**Problem**
Starting from the line with "Autumn chocolate cake with leaves", please copy exactly every line to the end of the listing, but not the pictures.

**Data for this task**

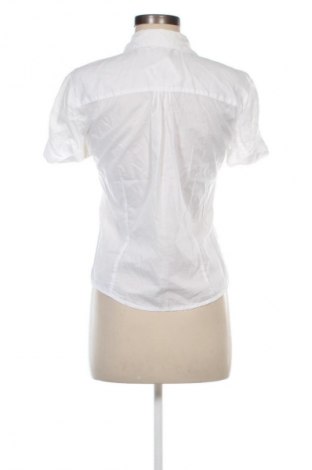 Damenbluse Kenvelo, Größe M, Farbe Weiß, Preis € 12,74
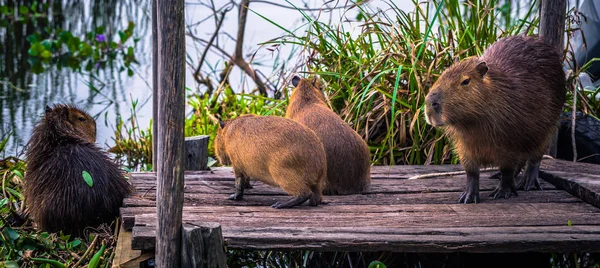 Colonia Carlos Pellegrini – 28. června 2017: Kapybary na Prov — Stock fotografie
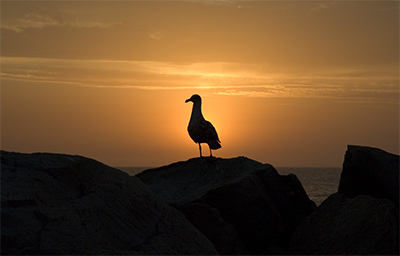 Gull at Sunset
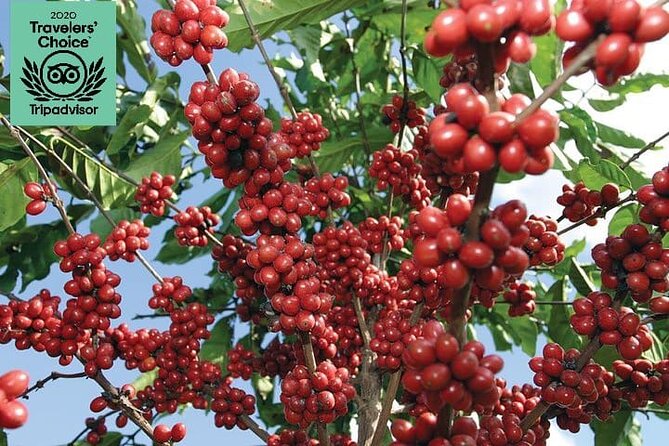 Jardín Coffee Lovers Private Tour with Waterfall Option from Medellín - Jardín Center on Foot: Live Roasting and Cathedral Time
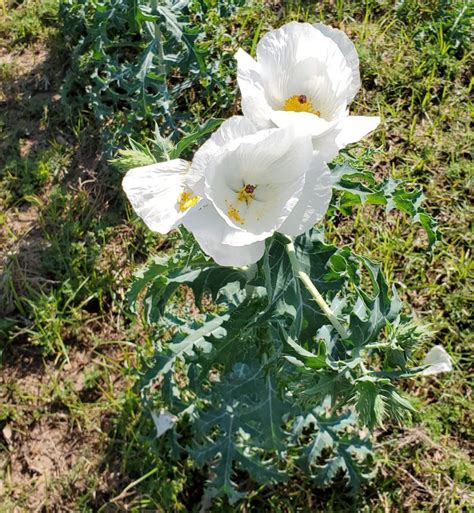 Check Your Seed: Don’t Plant Poisonous Pasture Weeds | Panhandle ...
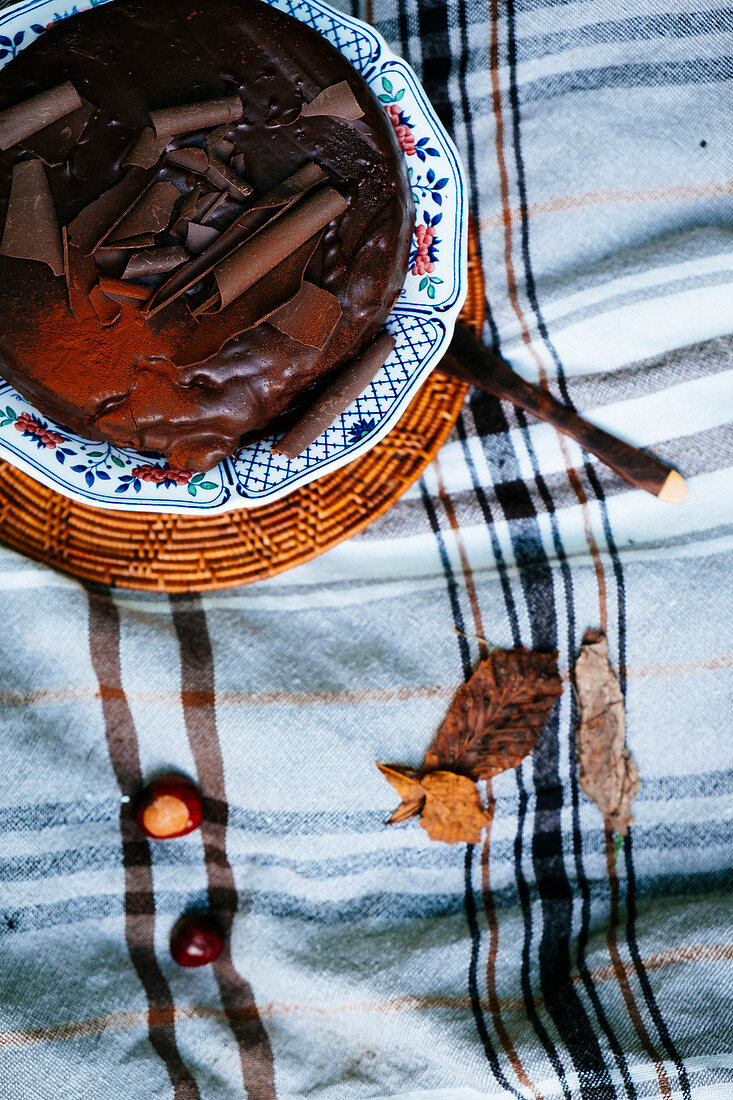Autumn chocolate cake with leaves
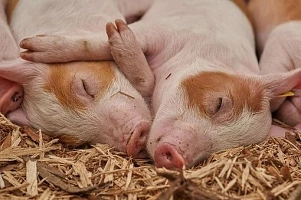 Schwein, Tier&nbsp;&copy;&nbsp;Pixabay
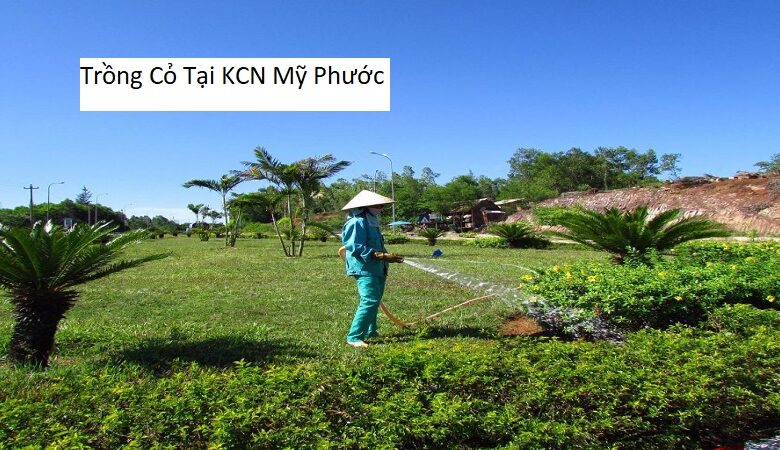 Trồng Cỏ Tại KCN Mỹ Phước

**Task response**
Autumn chocolate cake with leaves
 Schwein, Tier&nbsp;&copy;&nbsp;Pixabay
 Trồng Cỏ Tại KCN Mỹ Phước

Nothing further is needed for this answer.